The best Schwarzenegger films always have a bit more to them than just the muscle of action spectacles. Total Recall (1990) and The Last Action Hero (1993) are two of Schwarzenegger’s best pictures and, paradoxically, that is both because of and in spite of Schwarzenegger himself. However, if you grew up as Schwarzenegger’s career hit its zenith then you know that neither of these films represents the epitome of what it means to be a Schwarzenegger flick. Schwarzenegger’s definitive roles and his most “Arnold” movies aren’t meant to be clever or reflexive. A real Schwarzenegger movie is about putting Arnold in absolutely insane situations and delighting in how, with little else but raw physical energy, he punches his way out. Of course it always helps if Arnold has some real nutcase dialogue to deliver in his signature Austrian accent. These films, like Conan The Barbarian (1982) and Commando (1985), all predate Schwarzenegger’s bid to be a family entertainer. That said, I submit Raw Deal (1986) as the ultimate Schwarzenegger feature.

In Raw Deal Schwarzenegger plays a former FBI agent turned small town sherif who is recruited by his old boss and mentor to infiltrate Sam Wanamaker’s criminal organization. As Arnold plows through Chicago on his unsanctioned crusade of justice he leaves mannequins raining from ceilings, Rolling Stones cassettes in tape decks, and a body count that would make Rambo blush.

In one key scene Arnold peaks around an open door while making snoring sounds with his mouth to avoid detection as he eavesdrops. Earlier in the film he cautioned his wife “You shouldn’t drink and bake” and later he threatens a goon with the zinger “I hope you’re not your mother’s only child”. Gary DeVore’s usual sense for witty quips seems to have gone wonderfully schizoid when he put pen to paper to write this opus.

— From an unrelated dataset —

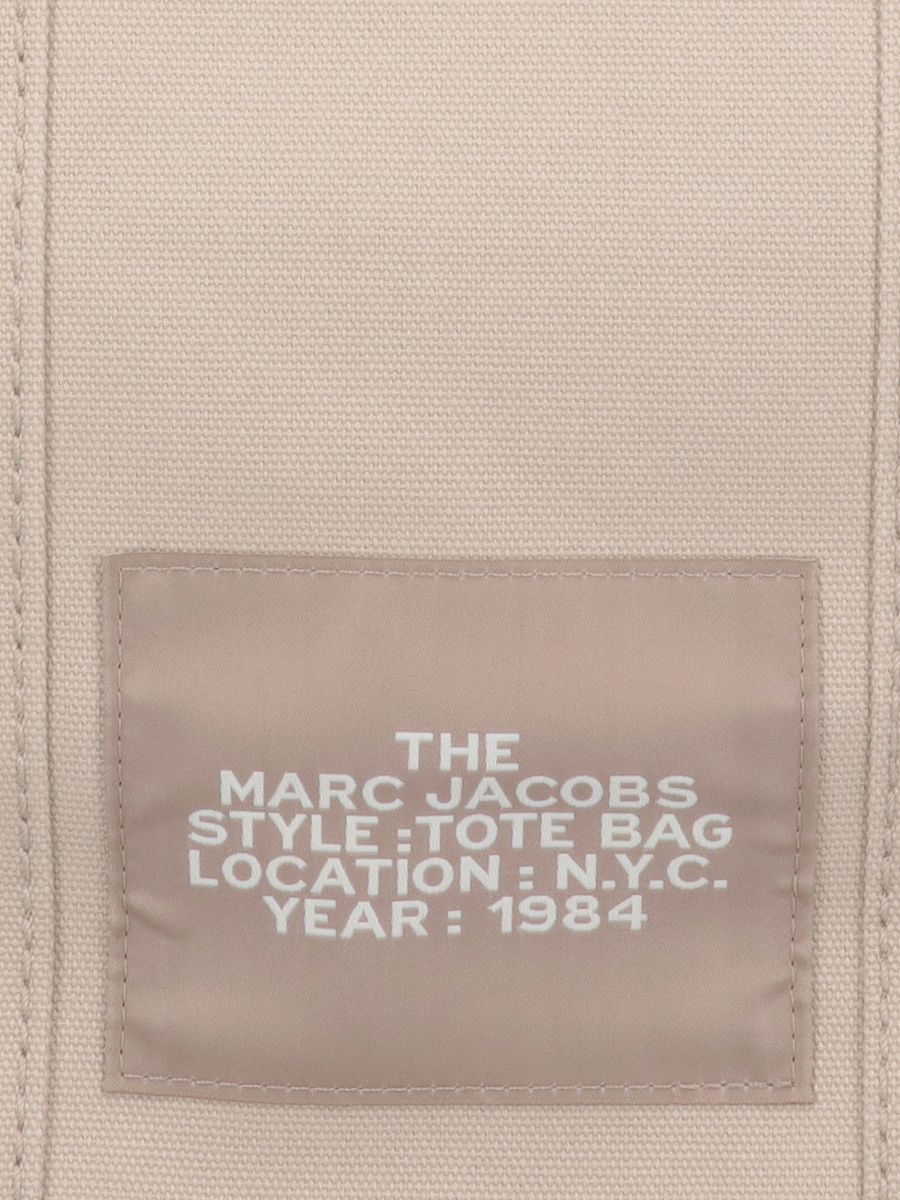 Marc Jacobs Den mellanstora toten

Over seeing the production of Raw Deal was none other than John Irvin. Irvin specializes in action spectacles with more chest thumping and scenery chewing than you can imagine. In Raw Deal Irvin really lets rip. In the opening credit montage we see one mode of transportation after another as mobsters commute to an FBI safe house to knock-off an informant. Every scene echoes this decision, cramming in as much dick swinging as possible to the point that the film seems to be a parody of itself.

That’s why Raw Deal is THE Arnold movie. No other film is as insanely obsessed with its own masculine bravura as Raw Deal is. It really does read as comedy 90% of the time. Even in the eighties there is no way someone could watch this film and take it as seriously as the movie takes itself. If you don’t understand why we still love Arnold after all of these years, look no further than Raw Deal.